I know that this was the Glenn Close argument too, but unlike Close, Zellweger gives a fully transformative performance. Close did not. It was a great performance but a subtle one. Colman had the more transformative performance. The two who really disappear into their roles are Zellweger and Theron – and they do it to an astonishing degree.
Other actresses who go beyond emotional work into the transformation zone include an impressive performance by Lupita Nyong’o in Us. It would be a shame if a film driven by her performance that made $178 million goes unrecognized. Yes, it’s horror which does exile it beyond the usual bounds of Oscar’s method of choosing ideal nominees but Nyong’o plays two different parts and shows just how good of an actress she really is. Elizabeth Moss also gives a transformative performance in Her Smell, which could push her up the charts a wee bit. And then there is Florence Pugh who must endure all manner of horrors in Midsommar. However, that would require voters actually getting through Midsommar and I’m not sure that’s possible.

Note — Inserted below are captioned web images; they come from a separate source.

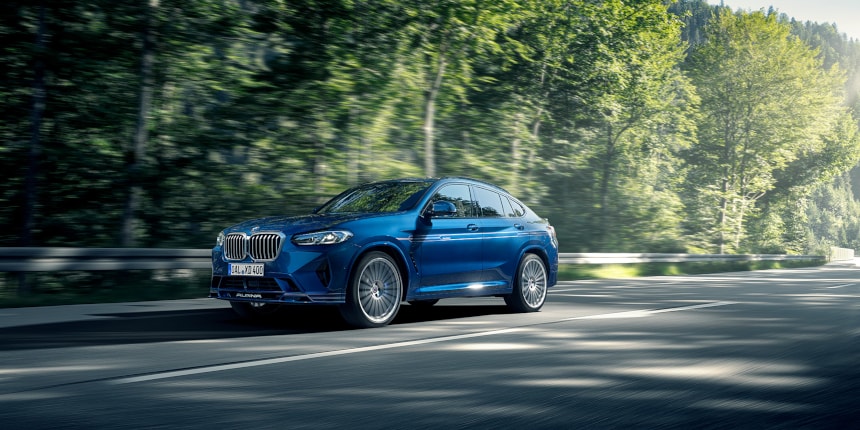 BMW ALPINA XD4 na silnici u lesa BMW ALPINA XD4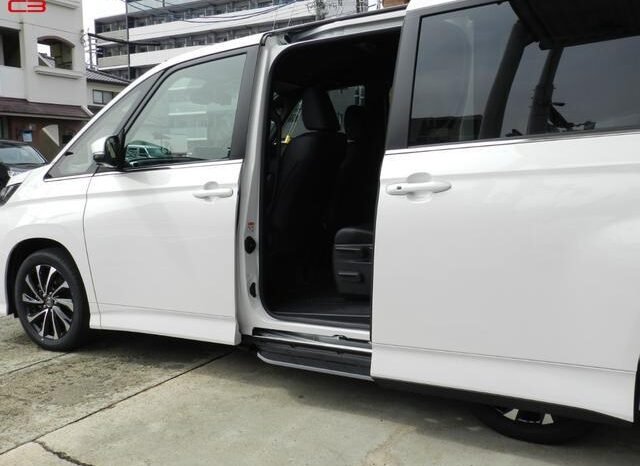 
								TOYOTA NOAH FOR SALE IN KENYA full									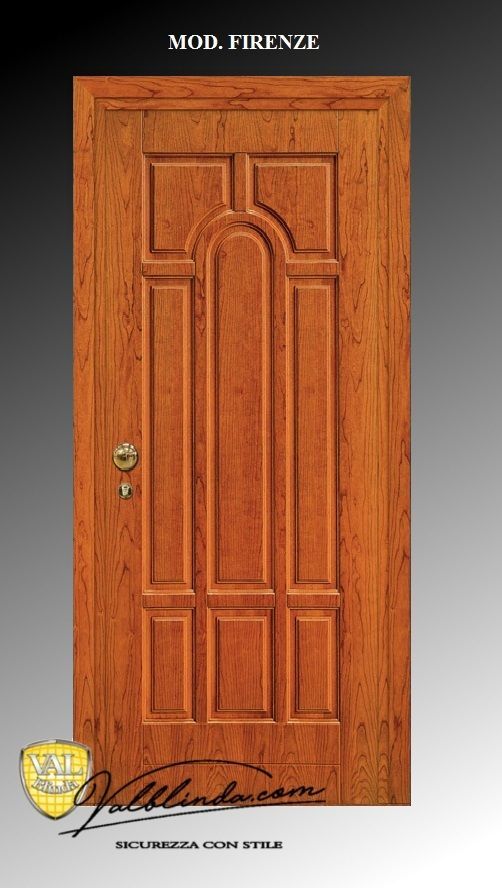 Porta d'ingresso in legno con pannelli intagliati e pomello in ottone, mostrata su uno sfondo nero in stile prodotto.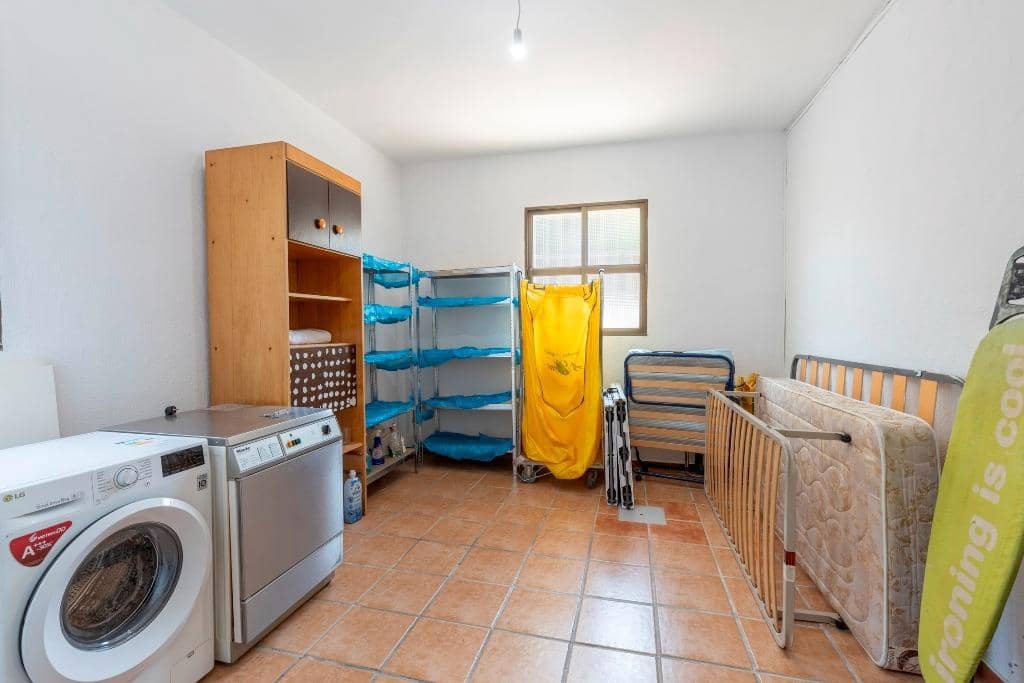 4 Zimmer Villa zu verkaufen in Albolote mit Pool Garage - 285.000 € (Ref: 9920644)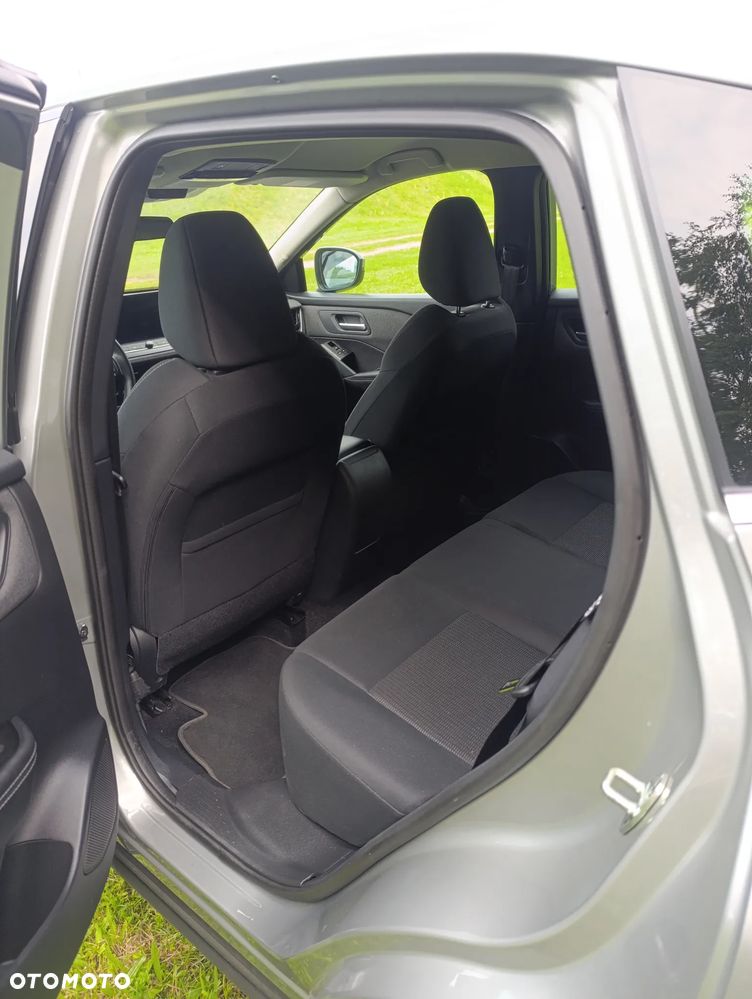 Nissan Qashqai 1.3 DIG-T MHEV Acenta Xtronic - 16
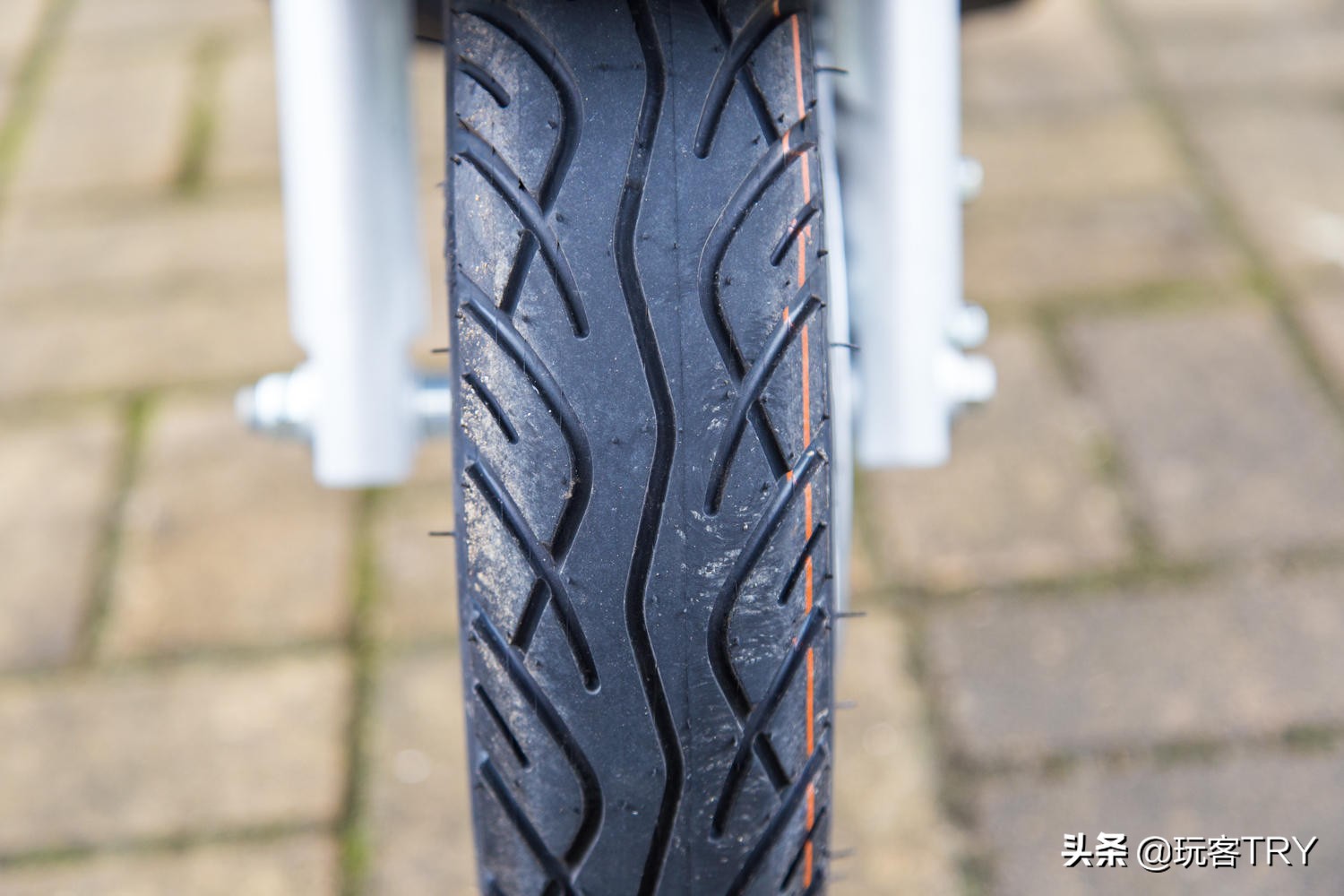 预算3000跑100km的雅迪,预算1000多电动车百公里续航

If Bombshell goes into Musical/Comedy at the Globes — you might see both Zellweger and Theron both winning Globes for Best Actress. You might also wonder how that will play. We’ve seen the dynamic play out in the past — like Colman and Close. Remember Jessica Chastain winning for Zero Dark Thirty and the same year Jennifer Lawrence for Silver Linings Playbook. Also, Cate Blanchett winning for Elizabeth and Gwyenth Paltrow winning for Shakespeare in Love. What made the difference there was the strength of the Best Picture contender. But since 2000, 12 of the Best Actress Oscar winners were Globes Drama winners, and just 4 were from Musical/Comedy.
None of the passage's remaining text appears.